The book is a collection of stories about the great narcissists throughout history. Not what I wanted but I think others would like it
Yes - - I would just have to make sure that I got a more research based book
He read the book well. My only issue with the writing is I believe he sensationalized the columbine school killings. He got into more detail with the killings than he did with other murdering narcissists - I did not like that
"Good. Could go deeper."
This book is very interesting and worth a listen. It grabs you from the start and I learnt a lot. I thought at first I had narcissistic tendencies but this book and an online test showed I was way off the mark. (I recommend the test too.)
Two chapters go off track a bit. One about U.S. presidents which annoyingly was written before Trump and would now be far more interesting today, even though the beginning of the book discusses Trump, but it was written a few years ago so I guess a coincidence? The other is about Crowd mentality which seems incorrect to be classified as narcissism.
The book lacks deep psychological explanations or even how to counter, treat or control narcissism.
None the less a good book and I enjoyed it.
"Great stories of insight into a widespread problem"
Interesting vignettes of a condition best described that way.
Mistakes Were Made (But not by Me). Consideration of the hubris born of narcissism that have frustrated great promise.
Living memorable examples of all persuasions. He is brutally frank and not PC about any politician (which are visible easily known examples) or situation of any persuasion. Thin skin listeners will not be able to accept when their ox is gored, and all oxes are gored.

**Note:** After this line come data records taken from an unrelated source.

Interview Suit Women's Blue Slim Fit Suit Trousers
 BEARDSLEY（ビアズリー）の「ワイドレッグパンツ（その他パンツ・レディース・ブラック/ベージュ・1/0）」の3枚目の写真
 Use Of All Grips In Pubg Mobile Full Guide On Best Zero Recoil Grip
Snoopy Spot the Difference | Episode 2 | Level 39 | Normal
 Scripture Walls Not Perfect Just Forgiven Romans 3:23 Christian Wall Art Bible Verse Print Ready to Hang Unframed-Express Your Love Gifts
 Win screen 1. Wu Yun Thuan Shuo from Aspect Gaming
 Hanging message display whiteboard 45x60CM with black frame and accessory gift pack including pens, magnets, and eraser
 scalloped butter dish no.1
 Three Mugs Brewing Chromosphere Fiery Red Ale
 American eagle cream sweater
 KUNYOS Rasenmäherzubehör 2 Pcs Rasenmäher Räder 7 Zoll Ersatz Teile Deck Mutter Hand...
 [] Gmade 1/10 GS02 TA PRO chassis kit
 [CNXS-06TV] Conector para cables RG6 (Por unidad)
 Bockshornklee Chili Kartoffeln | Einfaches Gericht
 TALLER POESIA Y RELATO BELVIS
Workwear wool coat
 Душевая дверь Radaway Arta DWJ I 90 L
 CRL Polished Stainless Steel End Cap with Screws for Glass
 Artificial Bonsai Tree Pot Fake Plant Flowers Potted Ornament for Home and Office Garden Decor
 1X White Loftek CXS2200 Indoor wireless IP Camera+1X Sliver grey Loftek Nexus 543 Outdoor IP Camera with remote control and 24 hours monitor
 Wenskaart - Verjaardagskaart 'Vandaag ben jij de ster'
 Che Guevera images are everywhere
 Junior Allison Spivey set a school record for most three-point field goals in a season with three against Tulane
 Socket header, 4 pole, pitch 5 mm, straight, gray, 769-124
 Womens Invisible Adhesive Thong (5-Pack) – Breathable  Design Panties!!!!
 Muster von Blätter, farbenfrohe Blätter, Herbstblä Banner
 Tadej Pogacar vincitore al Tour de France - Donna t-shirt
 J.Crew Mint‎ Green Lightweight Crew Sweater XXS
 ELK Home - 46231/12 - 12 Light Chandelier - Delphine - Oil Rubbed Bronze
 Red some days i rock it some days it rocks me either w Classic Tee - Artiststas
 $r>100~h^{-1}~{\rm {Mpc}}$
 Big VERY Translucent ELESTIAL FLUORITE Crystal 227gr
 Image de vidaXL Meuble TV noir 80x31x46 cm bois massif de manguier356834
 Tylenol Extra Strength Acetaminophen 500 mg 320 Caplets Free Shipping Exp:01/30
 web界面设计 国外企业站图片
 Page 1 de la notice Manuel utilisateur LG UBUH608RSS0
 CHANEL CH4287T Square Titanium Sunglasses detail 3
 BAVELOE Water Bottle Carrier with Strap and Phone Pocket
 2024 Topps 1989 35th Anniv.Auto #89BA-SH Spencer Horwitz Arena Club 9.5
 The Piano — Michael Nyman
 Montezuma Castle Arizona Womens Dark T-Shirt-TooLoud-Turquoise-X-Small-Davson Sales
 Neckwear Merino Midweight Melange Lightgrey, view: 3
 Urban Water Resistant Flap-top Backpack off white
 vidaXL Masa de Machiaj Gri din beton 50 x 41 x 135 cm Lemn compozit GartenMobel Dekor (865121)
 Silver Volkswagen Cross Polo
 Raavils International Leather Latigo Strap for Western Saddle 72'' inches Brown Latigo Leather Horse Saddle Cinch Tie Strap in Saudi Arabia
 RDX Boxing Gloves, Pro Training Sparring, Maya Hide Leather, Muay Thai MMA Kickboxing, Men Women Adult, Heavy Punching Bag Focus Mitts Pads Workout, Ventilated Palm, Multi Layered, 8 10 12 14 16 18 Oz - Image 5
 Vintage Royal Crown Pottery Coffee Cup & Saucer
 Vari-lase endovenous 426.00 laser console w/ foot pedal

Descriptions of Lyndon Johnson which recalled my Father's distaste of the man.
In the pervasive plague of obsession with persona, narcissists and the chumps who are blindly devoted to them, Kluger provides insight every reader should consider thoroughly.
"Interesting material and a great reading by the author"
Great performance and great writing. I suspect the author has overreached a bit in his generalizations. But there is truly interesting research in here
"Lost the thread..."
Started out great but by the end, became more about the psychology of US presidents than narcissists, unless the author meant to presume that all presidents are narcissists.